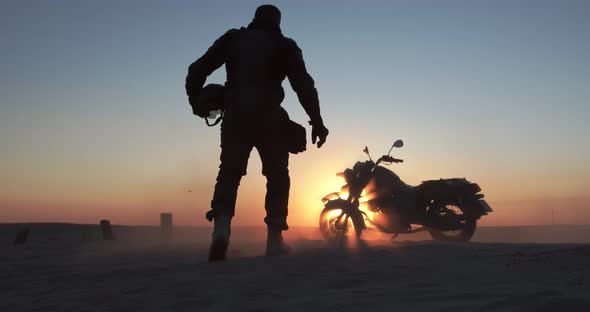 A Man Sits on a Motorcycle at Sunset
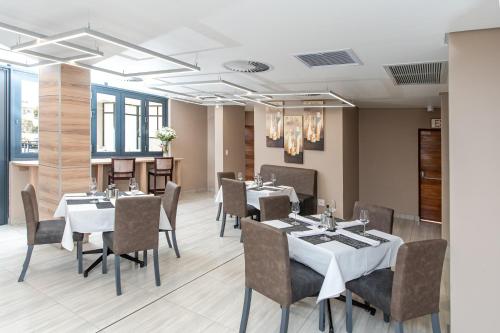 a restaurant with tables and chairs in a room at LOCH LOGAN HOTEL in Bloemfontein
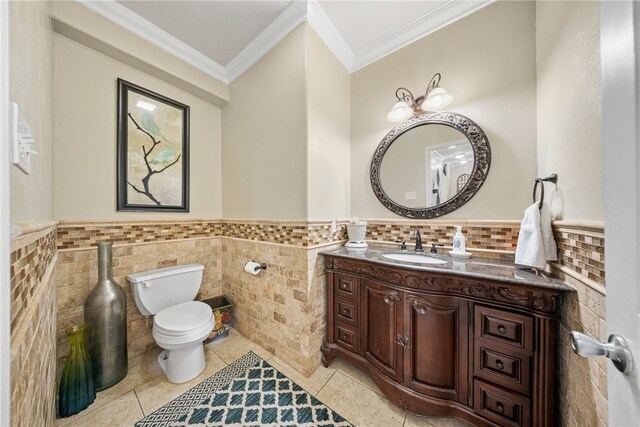 5413 King Trl, Corpus Christi, TX 78414 - half bathroom featuring ornamental molding, vanity, toilet, a wainscoted wall, and tile patterned floors
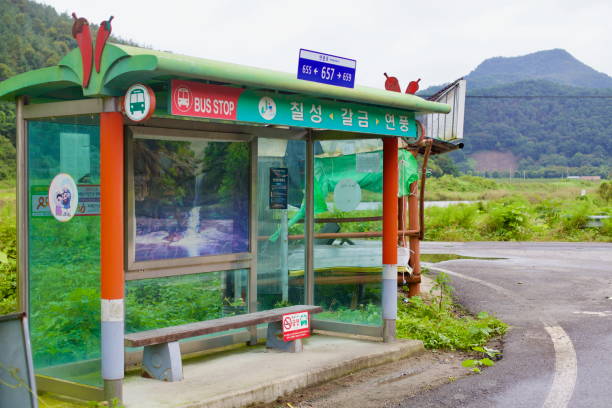 Goesan County, South Korea - September 9, 2020: A small rural bus stop with colorful signage and a scenic waterfall image provides shelter for travelers along a quiet countryside road near Yeonpung.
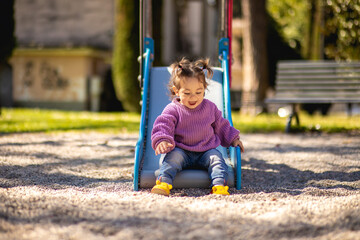 sweet caucasian little toddler girl with two tails having fun smiling widely sliding down the yellow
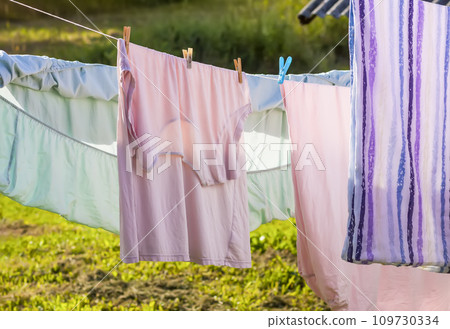 Clean washed laundry hanging on the rope outdoors. Clean washed laundry hanging on the rope outdoors. 109730334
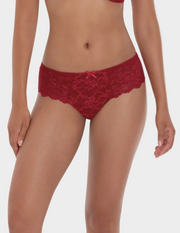 Woman wearing red lace underwear on a white background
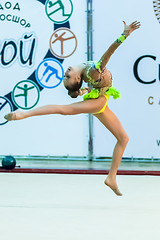 Image showing Young beautiful girl shows exercise with maces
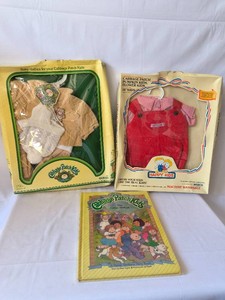 Cabbage Patch doll clothes and book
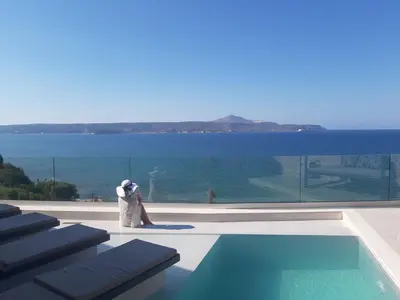 a man is standing next to a swimming pool at Luxury Villa Dioskouroi Heated eco pool & jacuzzi in Kalyves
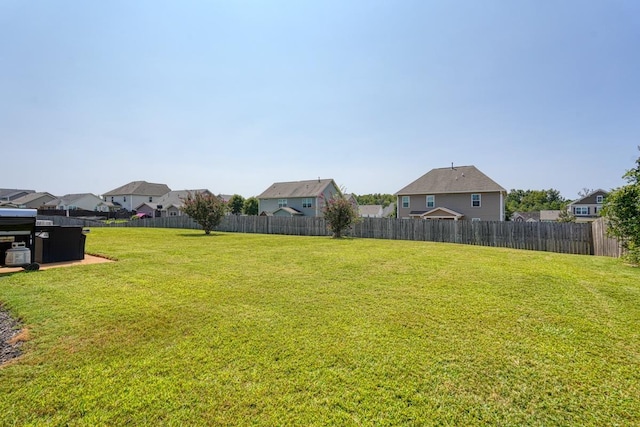 view of yard featuring a residential view and fence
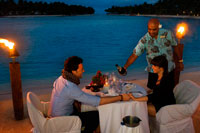 Aitutaki. Cook Island. Polynesia. South Pacific Ocean. A couple enjoys a romantic dinner by the beach in Aitutaki Lagoon Resort & Spa Hotel. As the only resort directly on the world's most beautiful lagoon, The Aitutaki Lagoon Resort & Spa is truly blessed. This exclusive all-bungalow resort is one-of-a-kind in many other respects also. It is the only private island resort in the Cook Islands. The Aitutaki Lagoon Resort & Spa is a luxury resort destination on one of the most famous lagoons in the world. This Cook Islands paradise provides a naturally romantic setting, and the resort is a popular accommodation option, especially with honeymoon couples, those wishing to get married in Aitutaki, and anyone looking for an idyllic paradise island getaway. Guests may choose between beachfront and garden bungalows or opt for an overwater bungalow - the only destination in Cook Islands to offer overwater accommodation. The resort offers top hotel amenities, fine cuisine and a range of recreational activities: 7 Overwater bungalows - Cook Islands only overwater accommodation. 14 Beachfront and 16 Garden bungalows. Air-conditioning, TV/DVD/CD, king or queen beds, mini-bar etc. Relax at The Flying Boat Beach Bar & Grill. The Bounty Restaurant offers fine dining experience. Theme nights and Aitutaki entertainment. Complimentary activities include snorkeling, kayaking, biking, beach volleyball, guided hikes and cultural activities. Pay-for activities include deep sea fishing and scuba diving. Romantic wedding packages. Spa Facility at the SpaPolynesia, with extensive health and beauty treatments available. 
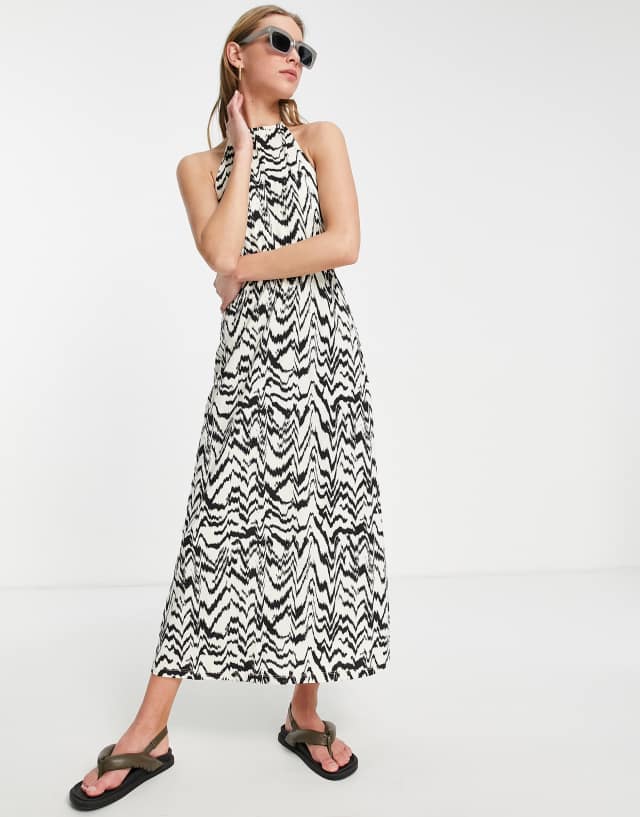 ASOS DESIGN halter maxi dress with open back in animal aztec print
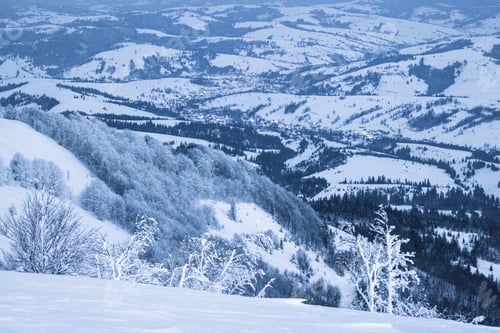 Preview: Fluffy clouds shelter under white snow sheltered by forests and beautiful mountains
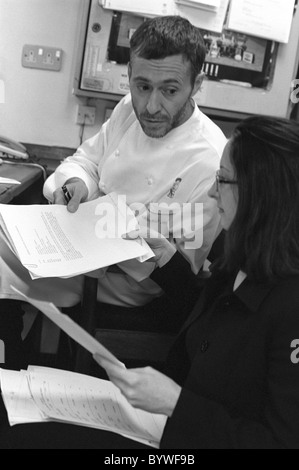 Chef Michel Roux jr at Le Gavroche with the accountant of the restaurant Stock Photo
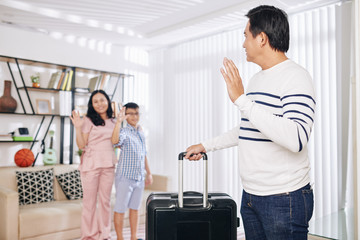 Mature Asian man with suitcase waving to his wife and preteen son when leaving for business trip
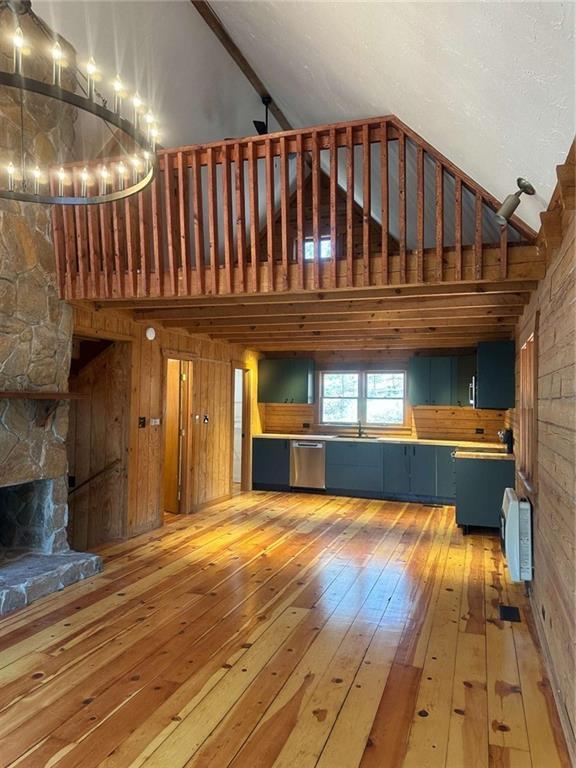 68 Star Lake Ln, Sautee Nacoochee, GA 30571 - unfurnished living room with high vaulted ceiling, light wood-style flooring, a sink, wood walls, and a chandelier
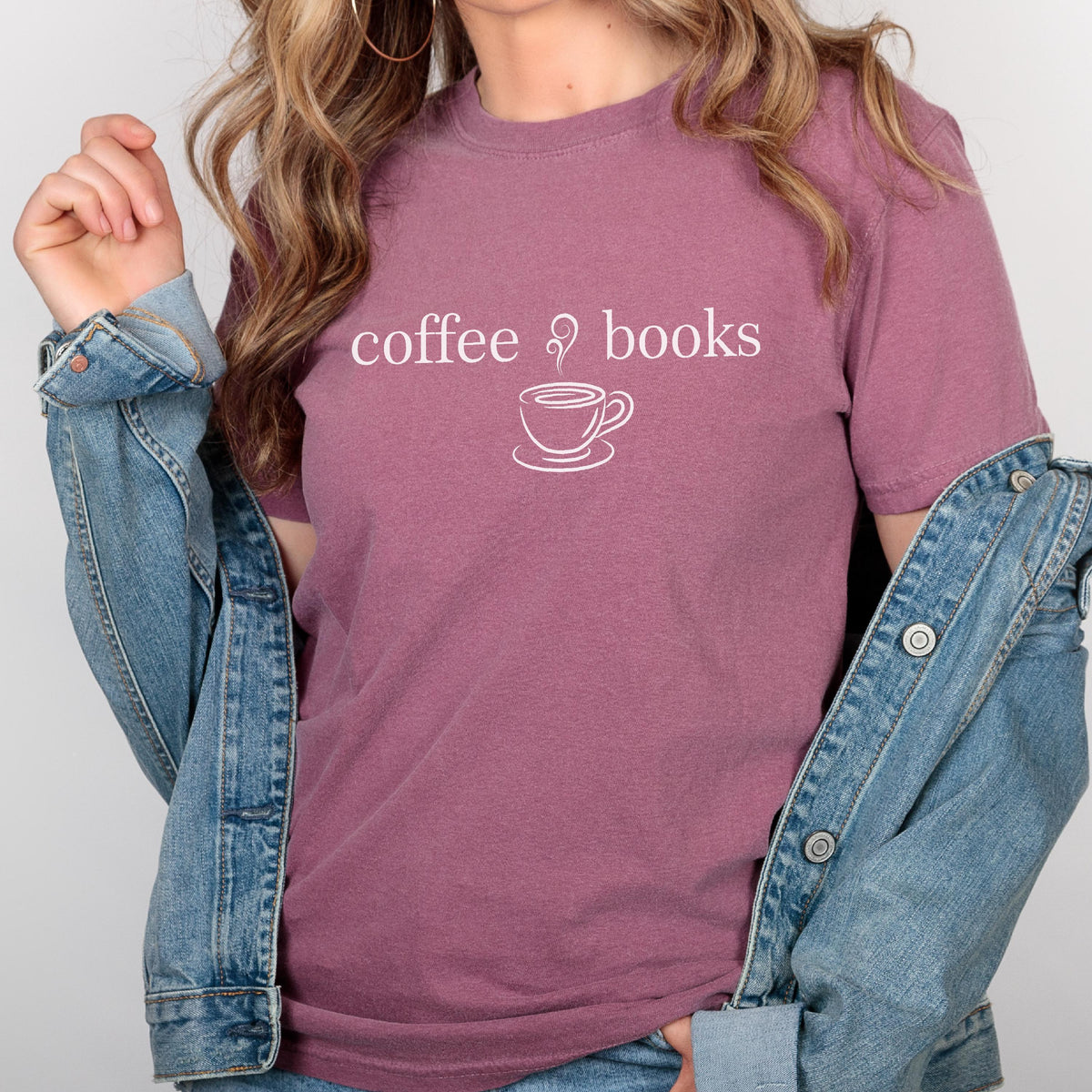 May include: A mauve short-sleeved t-shirt featuring the white text coffee & books with a line art graphic of a steaming coffee cup. The shirt is worn under a blue denim jacket with metal buttons, showcasing a casual and layered appearance.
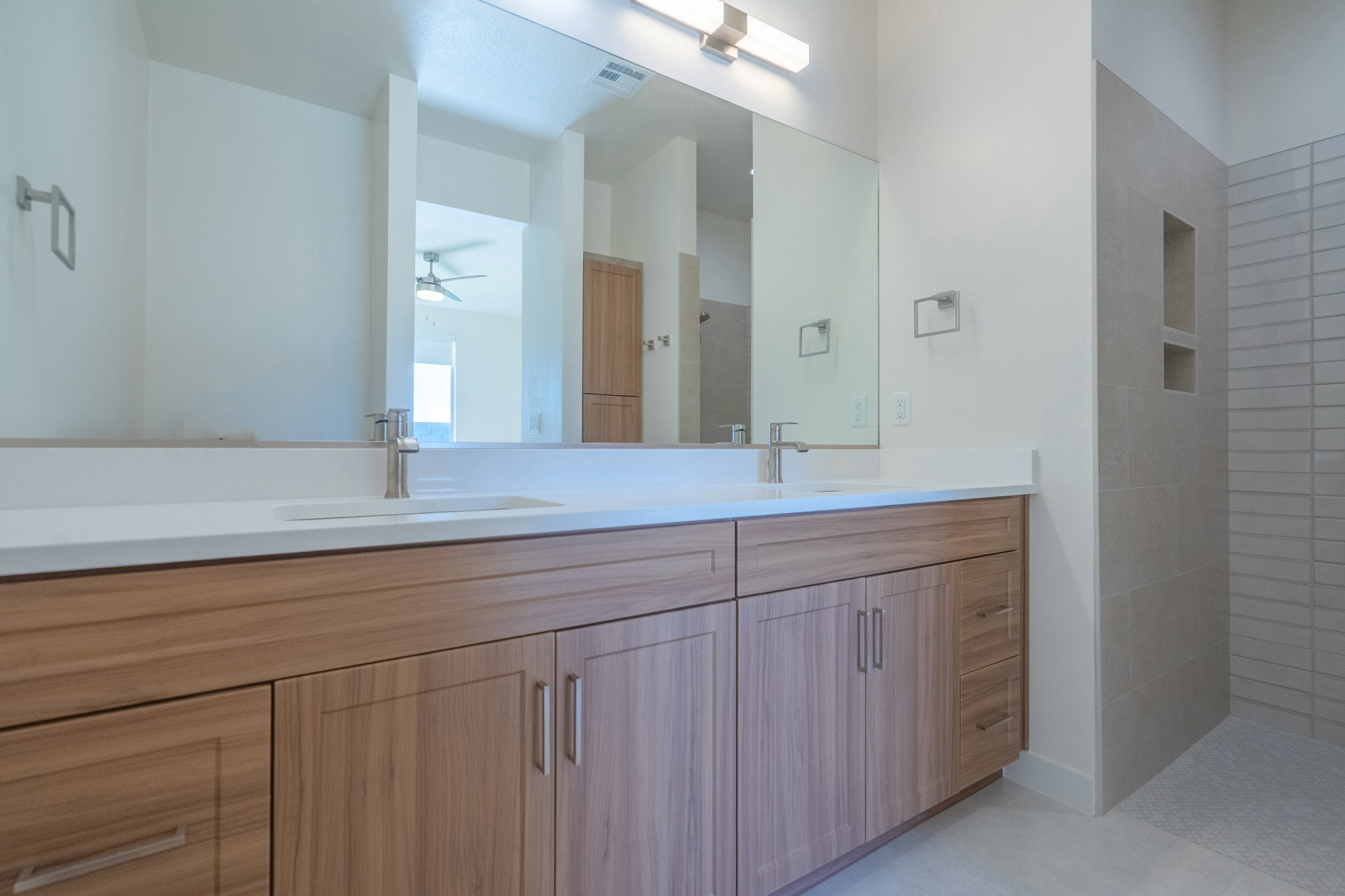 Bathroom with double vanity, ceiling fan, and tiled shower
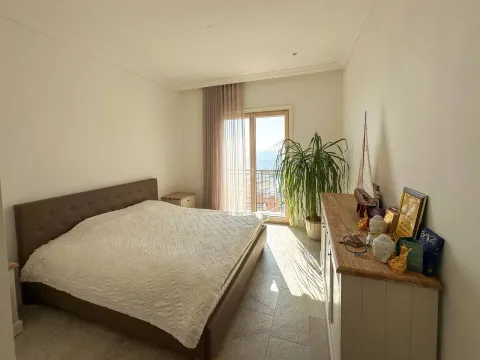 Spavaća soba sa bračnim krevetom, komodom i izlazom na balkon sa pogledom na more. - image 4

☆ ☆ ☆ ☆ ☆

Task description: Repeat everything in the records above exactly; pictures are not part of the copy.

Solution to this problem:
 A Man Sits on a Motorcycle at Sunset
 a restaurant with tables and chairs in a room at LOCH LOGAN HOTEL in Bloemfontein
 5413 King Trl, Corpus Christi, TX 78414 - half bathroom featuring ornamental molding, vanity, toilet, a wainscoted wall, and tile patterned floors
 Goesan County, South Korea - September 9, 2020: A small rural bus stop with colorful signage and a scenic waterfall image provides shelter for travelers along a quiet countryside road near Yeonpung.
 sweet caucasian little toddler girl with two tails having fun smiling widely sliding down the yellow
 Clean washed laundry hanging on the rope outdoors. Clean washed laundry hanging on the rope outdoors. 109730334
 Woman wearing red lace underwear on a white background
 Image showing Young beautiful girl shows exercise with maces
 Cabbage Patch doll clothes and book
 a man is standing next to a swimming pool at Luxury Villa Dioskouroi Heated eco pool & jacuzzi in Kalyves
 view of yard featuring a residential view and fence
 Aitutaki. Cook Island. Polynesia. South Pacific Ocean. A couple enjoys a romantic dinner by the beach in Aitutaki Lagoon Resort & Spa Hotel. As the only resort directly on the world's most beautiful lagoon, The Aitutaki Lagoon Resort & Spa is truly blessed. This exclusive all-bungalow resort is one-of-a-kind in many other respects also. It is the only private island resort in the Cook Islands. The Aitutaki Lagoon Resort & Spa is a luxury resort destination on one of the most famous lagoons in the world. This Cook Islands paradise provides a naturally romantic setting, and the resort is a popular accommodation option, especially with honeymoon couples, those wishing to get married in Aitutaki, and anyone looking for an idyllic paradise island getaway. Guests may choose between beachfront and garden bungalows or opt for an overwater bungalow - the only destination in Cook Islands to offer overwater accommodation. The resort offers top hotel amenities, fine cuisine and a range of recreational activities: 7 Overwater bungalows - Cook Islands only overwater accommodation. 14 Beachfront and 16 Garden bungalows. Air-conditioning, TV/DVD/CD, king or queen beds, mini-bar etc. Relax at The Flying Boat Beach Bar & Grill. The Bounty Restaurant offers fine dining experience. Theme nights and Aitutaki entertainment. Complimentary activities include snorkeling, kayaking, biking, beach volleyball, guided hikes and cultural activities. Pay-for activities include deep sea fishing and scuba diving. Romantic wedding packages. Spa Facility at the SpaPolynesia, with extensive health and beauty treatments available. 
 ASOS DESIGN halter maxi dress with open back in animal aztec print
 Preview: Fluffy clouds shelter under white snow sheltered by forests and beautiful mountains
 Chef Michel Roux jr at Le Gavroche with the accountant of the restaurant Stock Photo
 Mature Asian man with suitcase waving to his wife and preteen son when leaving for business trip
 68 Star Lake Ln, Sautee Nacoochee, GA 30571 - unfurnished living room with high vaulted ceiling, light wood-style flooring, a sink, wood walls, and a chandelier
 May include: A mauve short-sleeved t-shirt featuring the white text coffee & books with a line art graphic of a steaming coffee cup. The shirt is worn under a blue denim jacket with metal buttons, showcasing a casual and layered appearance.
 Bathroom with double vanity, ceiling fan, and tiled shower
 Spavaća soba sa bračnim krevetom, komodom i izlazom na balkon sa pogledom na more. - image 4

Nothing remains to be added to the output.